Der bedrängte König konnte die Hilfe gut gebrauchen. Vom gut befestigten Worms aus, das mitten in salischem Hausbesitz lag, reorganisierte der König seine militärischen Kräfte und gewann seinen politischen Handlungsspielraum wieder. Großzügig bedankte sich Heinrich bei den Einwohnern am 18. Januar 1074 mit einem Privileg für ihre Hilfe. Er gewährte allen Wormsern, darunter auch den Juden, die Befreiung von Zollabgaben an den königlichen Zollstädten Frankfurt a. M., Boppard, Hammerstein, Dortmund, Goslar und Enger. Es war das erste Privileg, das ein König für die Bürger einer Stadt im Reich überhaupt ausstellte. Ausdrücklich lobte der Herrscher das Verhalten der Wormser, ihre unverbrüchliche Treue dem Königtum gegenüber, „obschon wir weder durch einen mündlichen noch durch einen schriftlichen Befehl, weder durch uns selbst noch durch einen Boten oder durch irgendeine Stimme zu dieser so ausgezeichneten Tat den Anlass gegeben haben“, wie das Privileg hervorhob. Allen anderen Städtern wurde das Verhalten der Wormser als beispielhaft empfohlen und der daraus gezogene Nutzen – die wirtschaftlichen Erleichterungen – als lockendes Angebot vor Augen gestellt. Selbstständiges politisches Handeln lohnt sich, so die Botschaft, die Treue zum König allemal, auch wenn sie sich wie im Falle Worms gegen den eigenen geistlichen Stadtherrn wandte. Obwohl dem Bischof untertänig, hatten die Wormser dem König aus eigenem Antrieb einen Treueid geleistet, was dieser ganz offensichtlich billigte.

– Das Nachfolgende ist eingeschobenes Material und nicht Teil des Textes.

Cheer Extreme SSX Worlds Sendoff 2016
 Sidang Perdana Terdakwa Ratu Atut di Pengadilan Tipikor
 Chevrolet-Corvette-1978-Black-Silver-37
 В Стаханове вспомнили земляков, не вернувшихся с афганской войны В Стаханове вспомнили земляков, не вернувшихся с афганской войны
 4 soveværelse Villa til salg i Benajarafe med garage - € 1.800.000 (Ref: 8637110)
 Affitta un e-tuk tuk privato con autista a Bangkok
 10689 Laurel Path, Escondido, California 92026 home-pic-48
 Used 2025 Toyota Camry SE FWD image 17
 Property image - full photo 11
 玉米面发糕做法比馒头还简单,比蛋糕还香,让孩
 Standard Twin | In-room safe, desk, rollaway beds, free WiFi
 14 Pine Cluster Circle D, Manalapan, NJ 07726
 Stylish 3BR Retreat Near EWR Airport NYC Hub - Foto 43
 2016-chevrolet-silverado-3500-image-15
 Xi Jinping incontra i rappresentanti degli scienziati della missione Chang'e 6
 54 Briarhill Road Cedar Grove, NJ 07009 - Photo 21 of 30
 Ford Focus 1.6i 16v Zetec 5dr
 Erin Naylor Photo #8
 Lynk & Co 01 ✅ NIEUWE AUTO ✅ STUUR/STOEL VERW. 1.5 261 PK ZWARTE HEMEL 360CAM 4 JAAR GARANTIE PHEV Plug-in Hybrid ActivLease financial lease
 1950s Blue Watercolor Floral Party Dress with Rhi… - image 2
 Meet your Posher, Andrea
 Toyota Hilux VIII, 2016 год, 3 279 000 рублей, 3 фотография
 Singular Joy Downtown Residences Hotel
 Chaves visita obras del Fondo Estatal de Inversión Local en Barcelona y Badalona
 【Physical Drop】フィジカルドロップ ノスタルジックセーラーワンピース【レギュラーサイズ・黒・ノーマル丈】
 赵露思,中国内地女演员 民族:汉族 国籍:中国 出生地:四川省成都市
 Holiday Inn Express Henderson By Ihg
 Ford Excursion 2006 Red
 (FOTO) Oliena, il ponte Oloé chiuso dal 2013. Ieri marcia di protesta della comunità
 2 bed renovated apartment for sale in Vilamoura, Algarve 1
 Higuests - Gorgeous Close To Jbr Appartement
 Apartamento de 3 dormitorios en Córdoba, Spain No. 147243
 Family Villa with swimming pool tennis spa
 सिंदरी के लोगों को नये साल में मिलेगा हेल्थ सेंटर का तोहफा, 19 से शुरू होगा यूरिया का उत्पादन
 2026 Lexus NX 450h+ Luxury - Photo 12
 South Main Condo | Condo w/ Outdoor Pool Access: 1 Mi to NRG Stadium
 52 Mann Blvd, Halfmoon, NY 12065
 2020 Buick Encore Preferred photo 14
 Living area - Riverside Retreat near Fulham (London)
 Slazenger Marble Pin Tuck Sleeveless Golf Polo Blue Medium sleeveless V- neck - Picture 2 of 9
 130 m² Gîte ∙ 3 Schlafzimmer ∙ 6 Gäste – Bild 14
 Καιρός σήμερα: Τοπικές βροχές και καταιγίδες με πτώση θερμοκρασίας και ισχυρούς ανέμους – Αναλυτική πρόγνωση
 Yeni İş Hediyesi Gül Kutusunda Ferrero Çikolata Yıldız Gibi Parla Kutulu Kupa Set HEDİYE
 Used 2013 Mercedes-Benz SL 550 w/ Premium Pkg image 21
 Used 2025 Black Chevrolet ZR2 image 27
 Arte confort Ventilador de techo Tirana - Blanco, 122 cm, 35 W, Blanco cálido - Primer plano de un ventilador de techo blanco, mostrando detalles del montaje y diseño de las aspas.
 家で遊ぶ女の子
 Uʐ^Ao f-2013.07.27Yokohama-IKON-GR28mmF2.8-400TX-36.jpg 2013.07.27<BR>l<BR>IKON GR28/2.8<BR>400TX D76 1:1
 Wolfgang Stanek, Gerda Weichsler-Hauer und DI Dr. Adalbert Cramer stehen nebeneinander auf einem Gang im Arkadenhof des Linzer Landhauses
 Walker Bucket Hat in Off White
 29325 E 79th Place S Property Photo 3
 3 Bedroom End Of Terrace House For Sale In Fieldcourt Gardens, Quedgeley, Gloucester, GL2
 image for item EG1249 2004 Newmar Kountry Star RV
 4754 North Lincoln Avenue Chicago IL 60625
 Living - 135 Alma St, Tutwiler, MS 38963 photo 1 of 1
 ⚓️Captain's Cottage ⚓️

Der Erfolg der Wormser Bürger sprach sich rasch herum, nicht zuletzt in Köln, wo man nach den Aussagen Lamperts „das schlechte Beispiel nachahmte“ und die Ergebenheit dem König gegenüber „durch eine rühmenswerte Tat beweisen wollte“. Nach der überstürzten Flucht Annos schickten die aufständischen Kölner einige junge Männer zum König, um ihn aufzufordern, so rasch wie möglich zu kommen und die „herrenlose“ Stadt zu seinem eigenen Vorteil in Besitz zu nehmen. So zeigte sich der Kölner Aufstand eingebettet in die politische Situation seiner Zeit.